By DAVE ORNAUER | STARS AND STRIPES Published: February 17, 2003

It’s become a ritual so automatic that coach Bruce Barker almost doesn’t need to signal his bench.

As each quarter nears the four-minute mark, all five players on the Osan American Cougars girls basketball team bench report to the scorers table to replace the five on the floor.

“They know what to do and they do it well,” said Barker, who’s coached the Cougars to two straight Far East Class A titles.

They will take aim at a third starting Monday when the small schools tournament tips off at the Camp Hialeah Sports & Fitness Center in Pusan, South Korea. Barker says he plans to follow the formula that’s worked for two straight years, based mainly on team depth.

“Giving the kids as much playing time as possible. That way if somebody gets hurt, they know what to do,” Barker said.

Osan has employed the split-quarter procedure virtually every game in compiling a 15-12 record.

It’s a misleading 15-12. Eight of the losses came in the Osan Pacificwide Invitational for military teams in December. The other four were against Seoul American, a large-schools team.

But on the horizon, looming as the biggest threat to the Cougars’ burgeoning dynasty, is a Far East powerhouse from the Philippines — Faith Academy, which won Class A in 1996 before capturing four straight Class AA tittles.

For the past six seasons, Faith, which has an enrollment of about 280, has taken advantage of a DODEA-Pacific exemption that allows international schools to play in Class AA tournaments, which are normally open to schools of at least 320.

This year, the Vanguards move back down to Class A — and coach Charlotte Hicks of Seoul American, whose Falcons have lost to Osan and Faith this season, feels the Vanguards could be the team that brings Osan down.

“Osan has really come along and jelled over the course of the season, but I don’t think they have what it takes to beat Faith,” said Hicks, whose only two losses this season were to Osan and Faith.

One big factor, Hicks said, could be the addition of junior point guard Jessica Nelson, who transfered from Christian Academy In Japan to Faith in January.

“Osan doesn’t have anybody dynamic like Nelson,” Hicks said. “Faith has gotten a wonderful player. She’ll be hard to stop. She’s very steady, can play good offense and defense and she has speed.”

Combatting that will be an experienced Cougars lineup featuring five players with at least one Class A title under their belt.

Point guard Jennifer Gates and center Jessica Hagmaier are the only seniors.

Freshman Margaret Nurse and junior Kim Gulley provide rebounding strength and sophomores Sharon Kroening and Mina Davis scoring on the wings.

Besides Faith, other teams vying to unseat the Cougars include defending runner-up Matthew C. Perry Samurai of Japan, with All-Far East seniors in Cortaza Hall and three-point specialist Tia Fluellen.
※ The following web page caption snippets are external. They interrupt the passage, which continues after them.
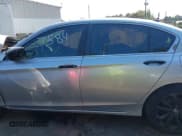 ✅ 2015 Honda Accord Sport • VIN: 1HGCR2F5XFA167584 • Lot: 43059462. Listed on IAAI with 185,685 mi. Free auction sales archive from the USA and detailed vehicle history report at DreamBid. Image 14.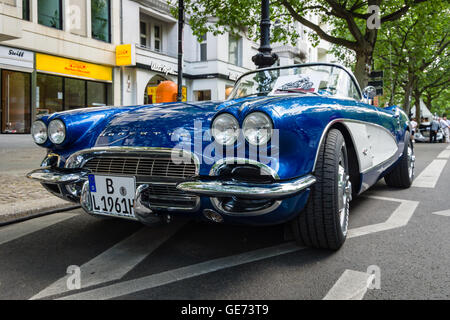 Berlino - Giugno 05, 2016: Sport Auto Chevrolet Corvette C1). Classic giorni Berlino 2016. Foto Stock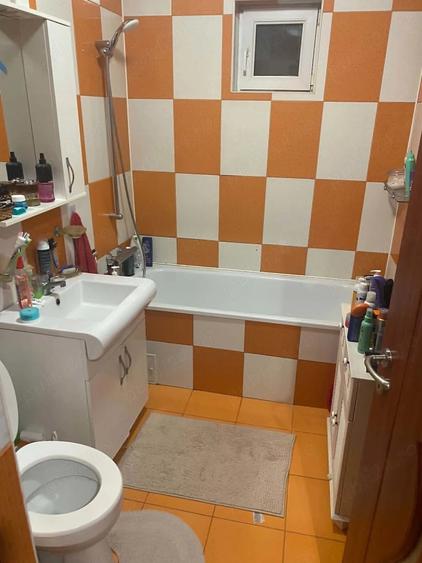 Apartament cu 3 camere semidecomandat în Central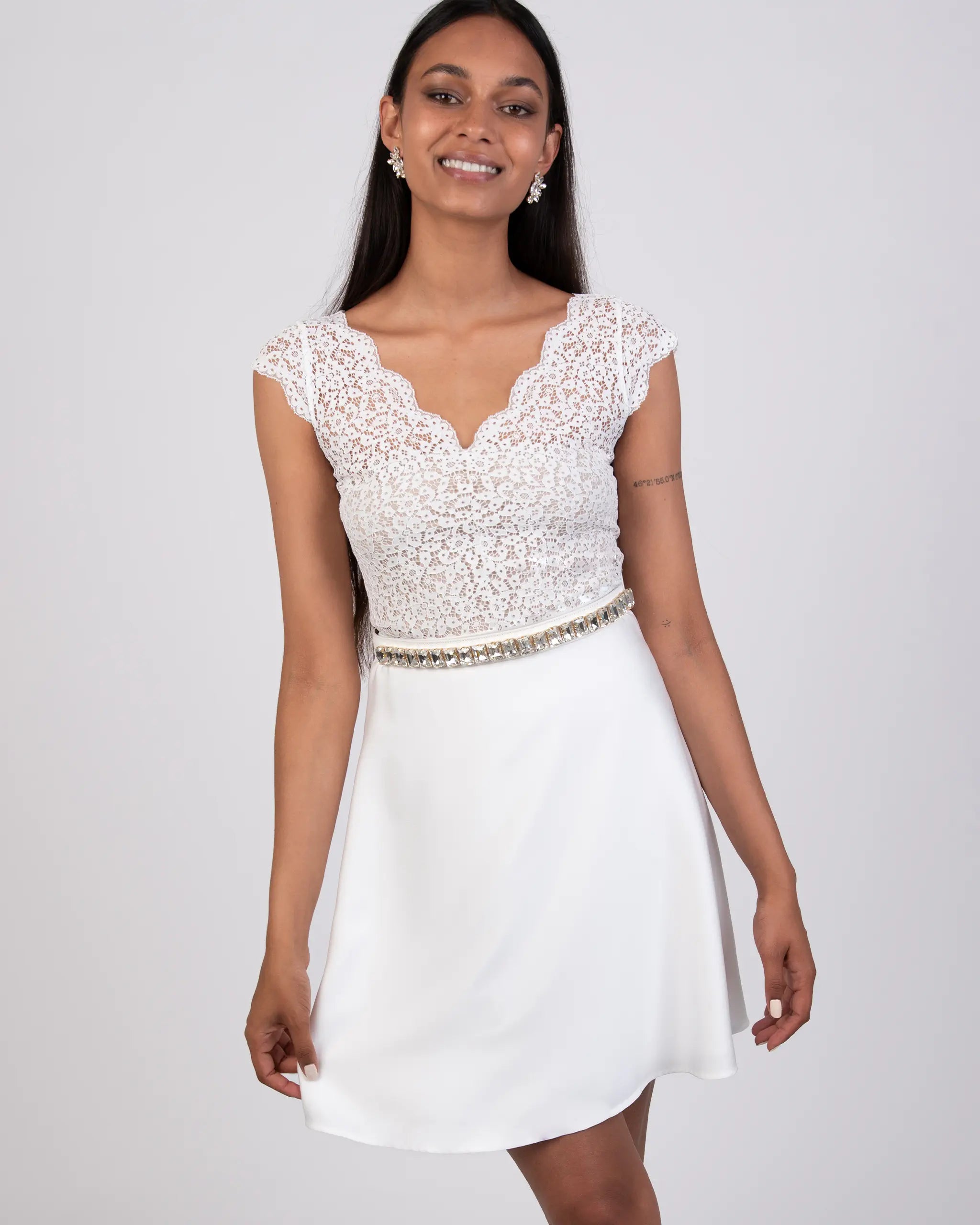 Kurzarm Brautbody aus floraler Spitze Ansicht vorne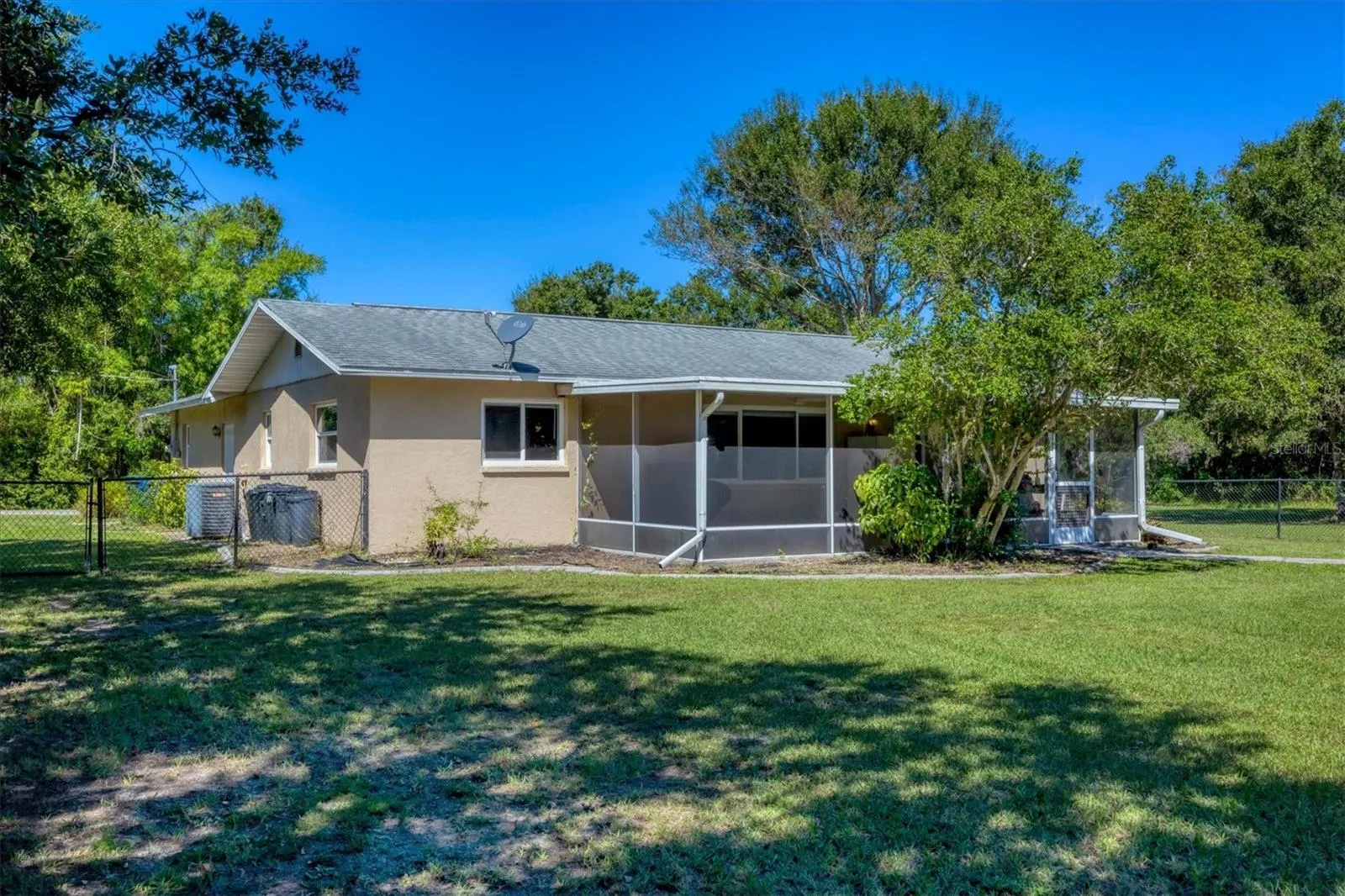 1135 RANGE RD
Taegu American of Korea features steady senior rebounder Siobhan Adkins. Host Pusan American boasts the “Killer Brees,” two-time All-Far East junior Breanne Robison and speedy sophomore Brieanna Carroll.

All will come up short, Hicks feels, of halting Osan and Faith from meeting in Saturday’s final.

“They would have to be playing beyond themselves to beat Osan or Faith,” said Hicks, whose Falcons have played six of the eight teams in the field.

Barker said he wasn’t too concerned over the schools he hasn’t seen.

“That’s the challenge,” he said, adding that his players “have the ability and the skills and they’ve been through it before.

“I’m always cautiously optimistic going in. You never know what’s going to happen. But we hope that with our depth, it won’t make much difference.”